• [How to complete this task]
Without the pictures, give the listing below again exactly.

BEGIN Raw data

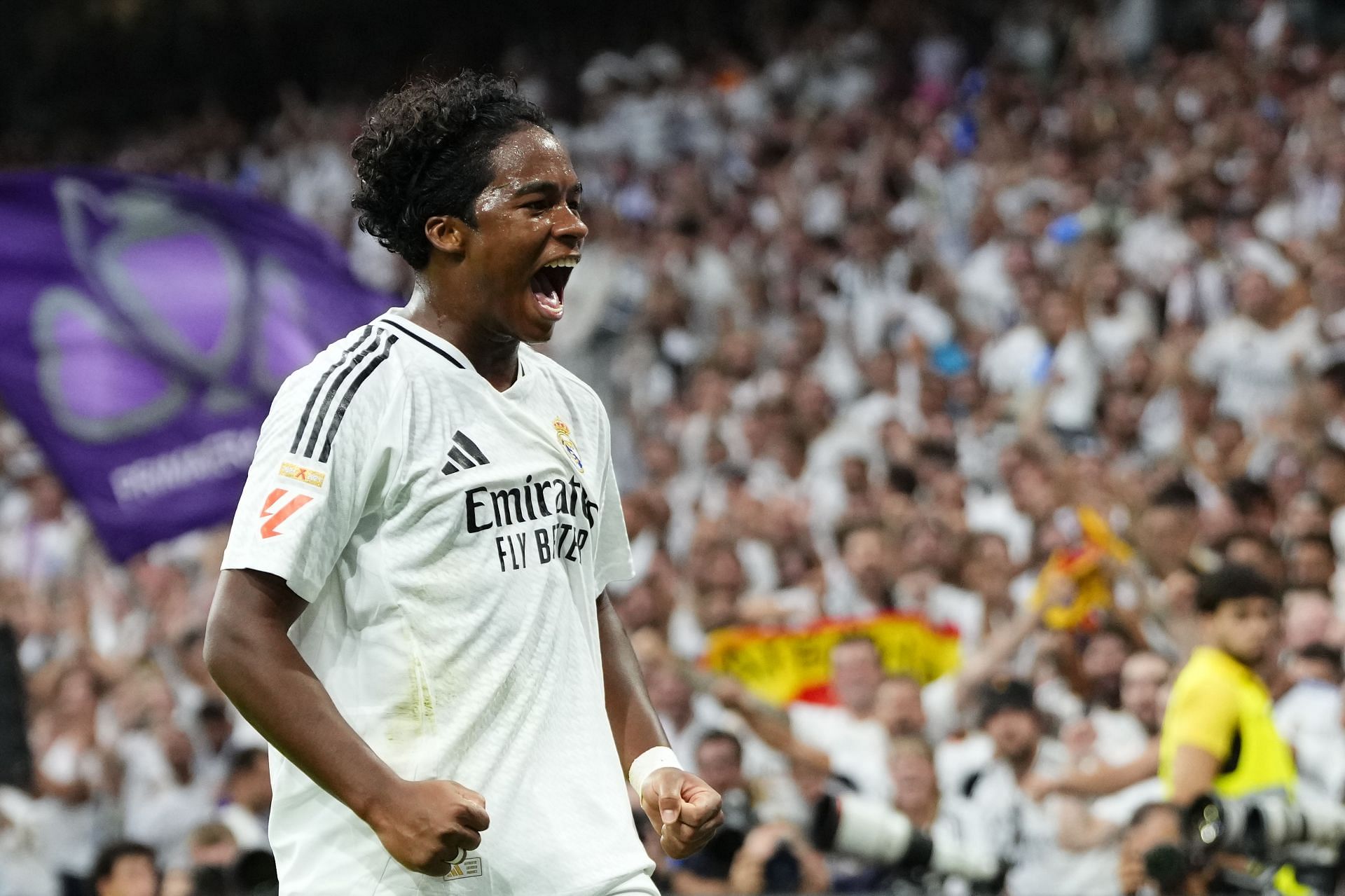 Endrick during the Real Madrid CF v Real Valladolid CF game (Image via Getty)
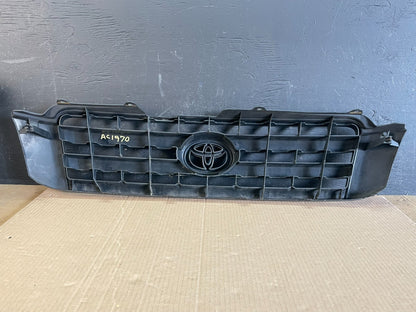 2001 to 2003 Toyota Highlander Front Upper Grille Grill With Emblem AC1970 DG6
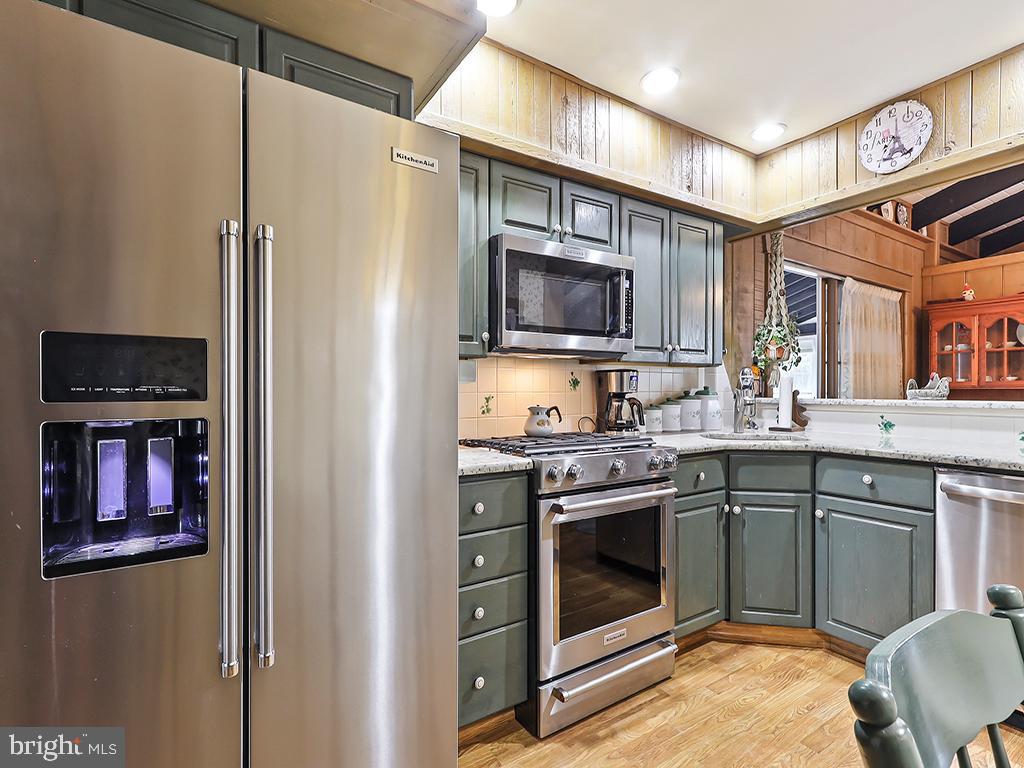 BURGUNDY HILLS - Residential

END Raw data

• [Response box]
 Endrick during the Real Madrid CF v Real Valladolid CF game (Image via Getty)
 2001 to 2003 Toyota Highlander Front Upper Grille Grill With Emblem AC1970 DG6
 BURGUNDY HILLS - Residential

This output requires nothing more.